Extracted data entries
================

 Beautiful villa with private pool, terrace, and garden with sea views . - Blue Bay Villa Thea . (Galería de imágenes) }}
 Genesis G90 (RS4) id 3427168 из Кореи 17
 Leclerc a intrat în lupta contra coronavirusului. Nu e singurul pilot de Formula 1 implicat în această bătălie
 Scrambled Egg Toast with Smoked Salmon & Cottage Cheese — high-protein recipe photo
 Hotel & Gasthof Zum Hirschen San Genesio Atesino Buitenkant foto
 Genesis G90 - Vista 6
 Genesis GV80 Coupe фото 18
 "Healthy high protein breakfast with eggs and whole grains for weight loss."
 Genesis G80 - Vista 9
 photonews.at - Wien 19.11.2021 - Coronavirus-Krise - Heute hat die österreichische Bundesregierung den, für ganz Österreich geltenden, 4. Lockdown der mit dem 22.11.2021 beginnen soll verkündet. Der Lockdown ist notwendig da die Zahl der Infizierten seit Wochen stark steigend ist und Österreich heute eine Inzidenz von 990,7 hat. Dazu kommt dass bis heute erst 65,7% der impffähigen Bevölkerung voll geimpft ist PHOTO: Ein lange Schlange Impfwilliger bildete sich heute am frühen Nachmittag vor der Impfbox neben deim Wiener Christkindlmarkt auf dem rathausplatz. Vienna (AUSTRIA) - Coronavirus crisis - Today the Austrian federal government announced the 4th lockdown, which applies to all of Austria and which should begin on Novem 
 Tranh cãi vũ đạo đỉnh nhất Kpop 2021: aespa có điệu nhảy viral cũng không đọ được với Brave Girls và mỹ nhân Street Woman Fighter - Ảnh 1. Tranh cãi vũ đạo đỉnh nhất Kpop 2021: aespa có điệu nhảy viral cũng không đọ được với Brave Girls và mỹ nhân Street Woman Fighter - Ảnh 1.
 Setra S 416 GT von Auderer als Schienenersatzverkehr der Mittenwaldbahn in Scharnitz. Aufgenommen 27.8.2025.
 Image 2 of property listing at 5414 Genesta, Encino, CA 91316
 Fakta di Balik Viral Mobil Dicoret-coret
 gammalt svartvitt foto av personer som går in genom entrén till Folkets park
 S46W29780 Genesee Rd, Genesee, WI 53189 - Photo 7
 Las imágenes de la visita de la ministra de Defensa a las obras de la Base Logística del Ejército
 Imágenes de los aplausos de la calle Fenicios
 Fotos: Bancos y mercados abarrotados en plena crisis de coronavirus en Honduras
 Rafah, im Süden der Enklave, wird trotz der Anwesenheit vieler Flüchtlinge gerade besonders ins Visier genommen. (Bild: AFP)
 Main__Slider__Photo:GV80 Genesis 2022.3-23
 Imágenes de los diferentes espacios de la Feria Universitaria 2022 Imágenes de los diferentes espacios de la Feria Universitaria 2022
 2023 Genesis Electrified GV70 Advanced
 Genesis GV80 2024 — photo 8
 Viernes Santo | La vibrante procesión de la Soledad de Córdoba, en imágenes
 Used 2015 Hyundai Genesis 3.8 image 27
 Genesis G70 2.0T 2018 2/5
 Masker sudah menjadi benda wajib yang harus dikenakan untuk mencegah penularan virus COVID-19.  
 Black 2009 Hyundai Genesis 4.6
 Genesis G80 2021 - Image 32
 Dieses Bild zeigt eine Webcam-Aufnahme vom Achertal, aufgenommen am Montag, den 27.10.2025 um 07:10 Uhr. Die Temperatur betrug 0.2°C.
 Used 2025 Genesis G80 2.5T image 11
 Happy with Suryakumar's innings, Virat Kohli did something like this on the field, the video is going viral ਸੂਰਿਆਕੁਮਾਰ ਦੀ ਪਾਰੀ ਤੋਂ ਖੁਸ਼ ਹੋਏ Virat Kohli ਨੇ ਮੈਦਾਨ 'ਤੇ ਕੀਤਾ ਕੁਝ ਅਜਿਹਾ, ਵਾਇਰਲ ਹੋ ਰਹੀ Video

================

Problem to solve: Across the entries above, tally the lines that contain the string "eine" and give that figure alone.

Answer area: 2